| To do |
Nothing in the entries may change when you repeat them, and no images may appear.

| Material supplied |
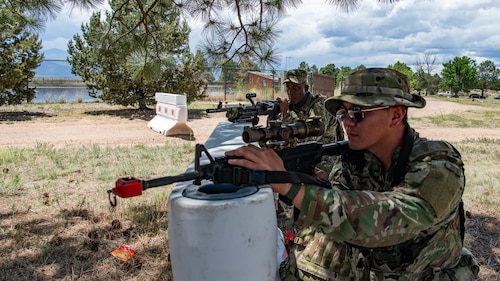 Two service members with training rifles leaning against a barrier.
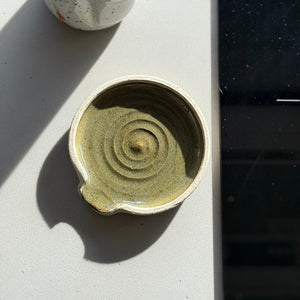 Small ceramic bowl with concentric circle pattern on a light surface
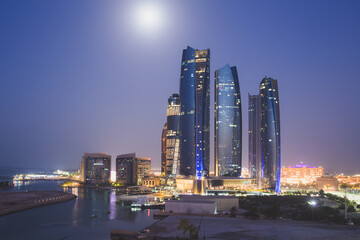 Fototapeta na wymiar A unique and different perspective of skyscraper towers and cityscape skyline of Abu Dhabi, UAE at night under moonlight.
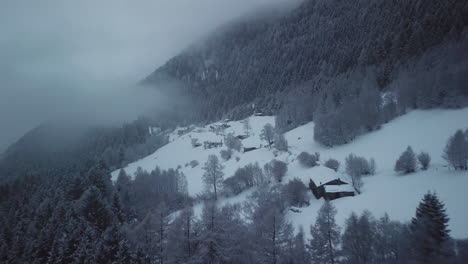 Aerial-drone-view-of-picturesque-frozen-mountainous-landscape-in-wintertime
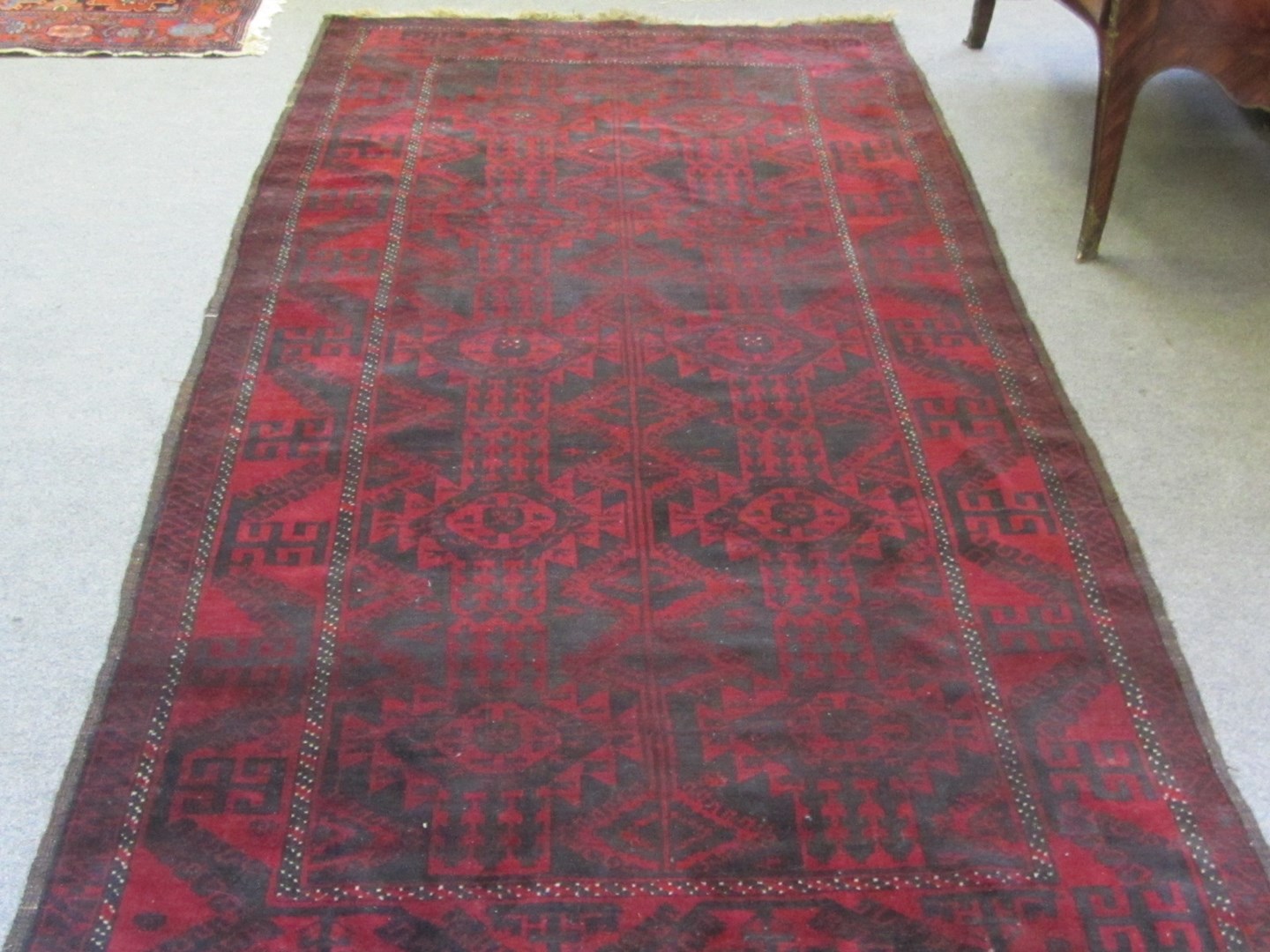 Appraisal: A Baluchistan rug the madder field with a black design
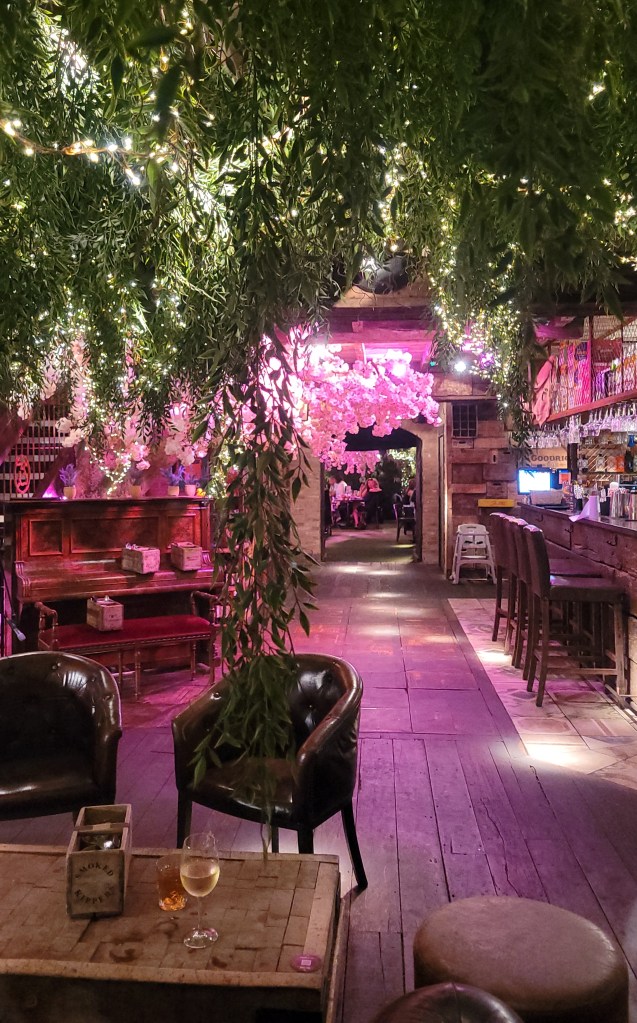 British pub decorated with lights and greenery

| Task output |
 Two service members with training rifles leaning against a barrier.
 Small ceramic bowl with concentric circle pattern on a light surface
 Fototapeta na wymiar A unique and different perspective of skyscraper towers and cityscape skyline of Abu Dhabi, UAE at night under moonlight.
 Aerial-drone-view-of-picturesque-frozen-mountainous-landscape-in-wintertime
 Appraisal: A Baluchistan rug the madder field with a black design
 British pub decorated with lights and greenery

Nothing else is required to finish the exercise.